Amid the volatility in 2011, many investors took shelter in high-yield blue chips with stable operations. Tobacco giant Philip Morris International (NYSE:PM) tacked on 35% last year. Utility stocks like Dominion (NYSE:D) and Consolidated Edison (NYSE:ED) tacked on 25% gains. All while the S&P 500 struggled to stay flat.
A focus on dividends persists in 2012, even though stocks have recorded their best January since 1997. After all, a little gain in your portfolio is not a sign that problems like the eurozone debt crisis or the beaten-down U.S. housing market have been solved.

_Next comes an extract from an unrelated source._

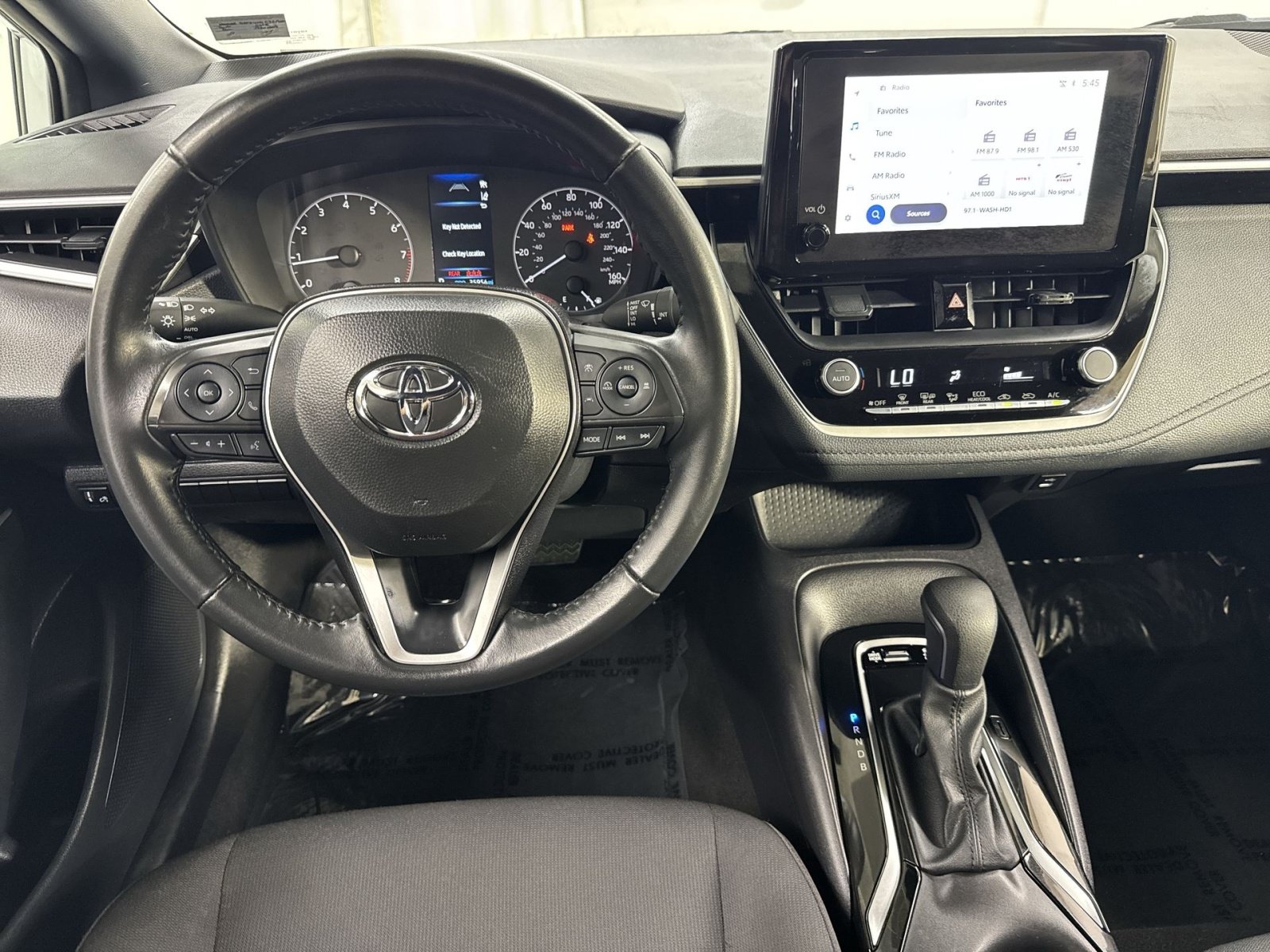 Used 2025 Toyota Corolla SE FWD image 35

However, you have to admit that investors hiding out in sleepy blue chips have missed the great start to 2012. The Select Sector Utilities SPDR ETF (NYSE:XLU) is actually in the red year-to-date despite the rally for the broader market, and the broad-based iShares Dow Jones Select Dividend ETF (NYSE:DVY) also is sitting on a loss. The income these investments provide is nice, but you’re still being left behind.
A good middle road to walk, therefore, is midcap companies with decent upside potential for shares that still pay out a substantial dividend. These stocks are riskier and the dividends sometimes can be less stable, but they also show the power of investing in a growth stock that pays a dividend instead of a mature business already bumping its head against the ceiling.